Requirement: Repeat each entry word for word. Leave any images out of the copy.
─── Supplied records ───
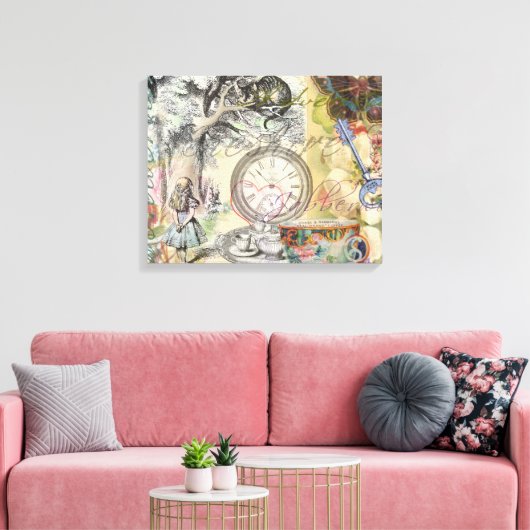 Cheshire Cat Alice Wonderland Canvas Afdruk (Insitu (Woonkamer))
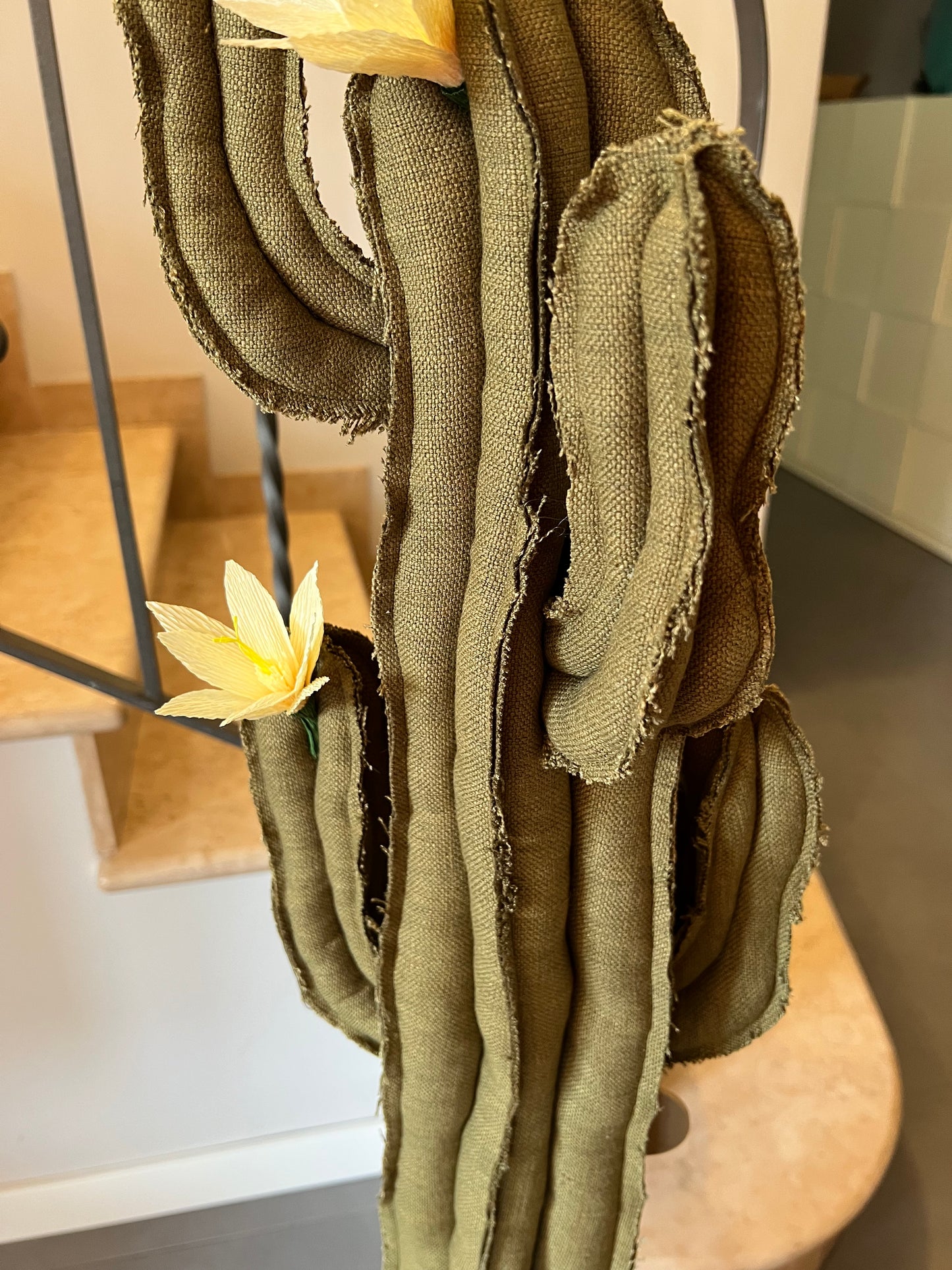 Big cactus in bright green velvet height 118 cm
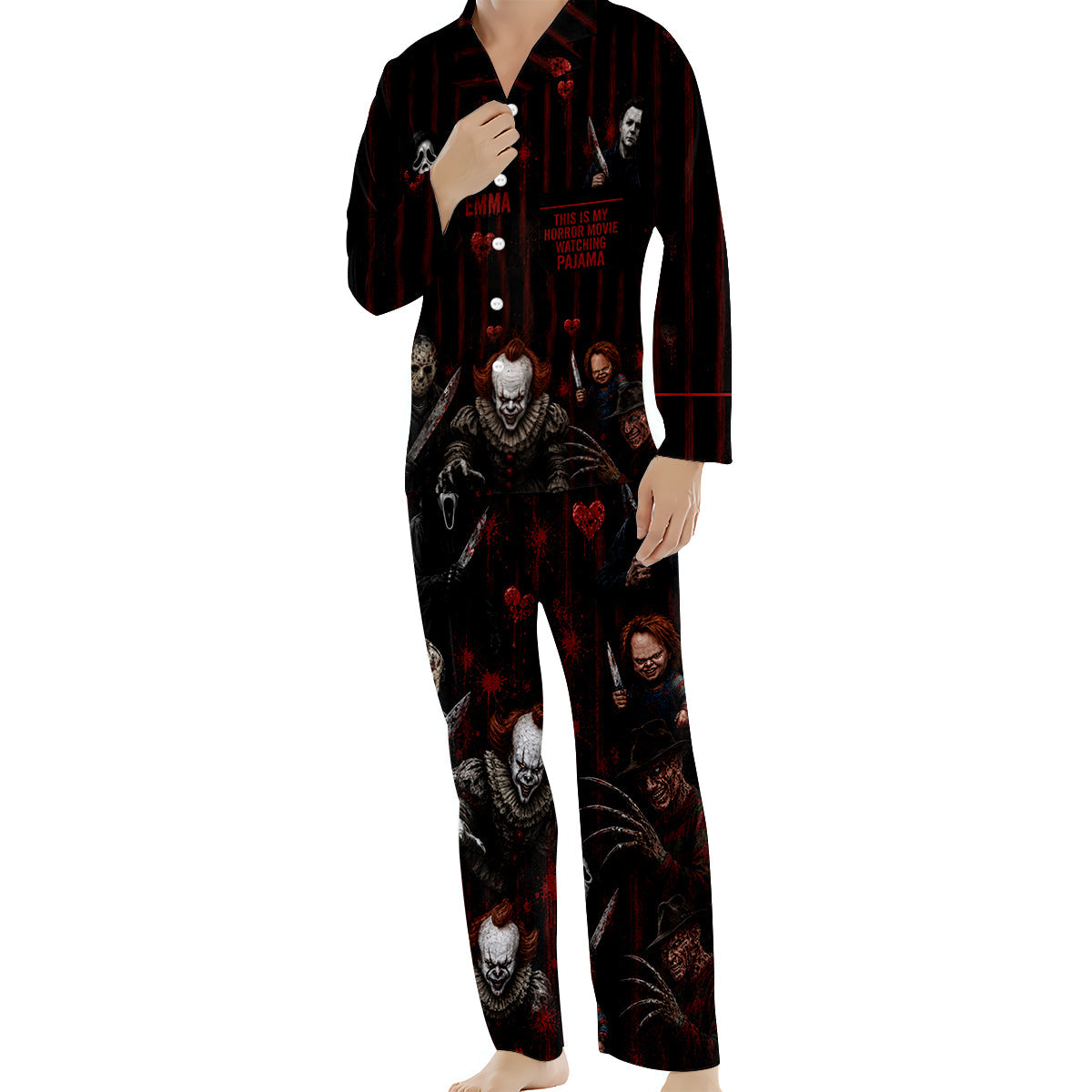 Horror Movie Watching - Personalized Pajama Set - Halloween Gift For Her PC02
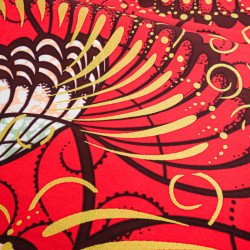 Tissu Wax Rouge Motif Or Lurex - Maison Klem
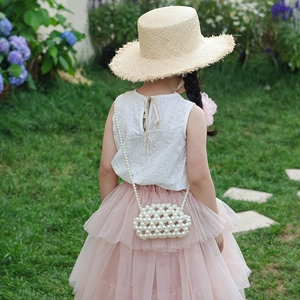 Handmade white pearl mini crossbody bag for girls with elegant cloud shape design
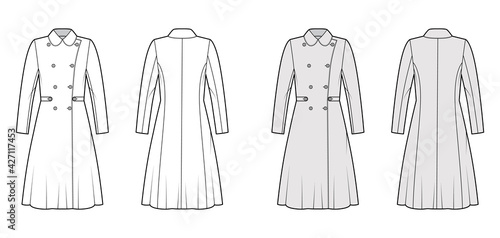 Skating coat technical fashion illustration with tabs, long sleeves, round collar, knee length, A-line silhouette. Flat jacket template front, back, white, grey color style. Women, men, top CAD mockup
───
Exercise solution:
 Cheshire Cat Alice Wonderland Canvas Afdruk (Insitu (Woonkamer))
 Big cactus in bright green velvet height 118 cm
 Horror Movie Watching - Personalized Pajama Set - Halloween Gift For Her PC02
 Tissu Wax Rouge Motif Or Lurex - Maison Klem
 Handmade white pearl mini crossbody bag for girls with elegant cloud shape design
 Skating coat technical fashion illustration with tabs, long sleeves, round collar, knee length, A-line silhouette. Flat jacket template front, back, white, grey color style. Women, men, top CAD mockup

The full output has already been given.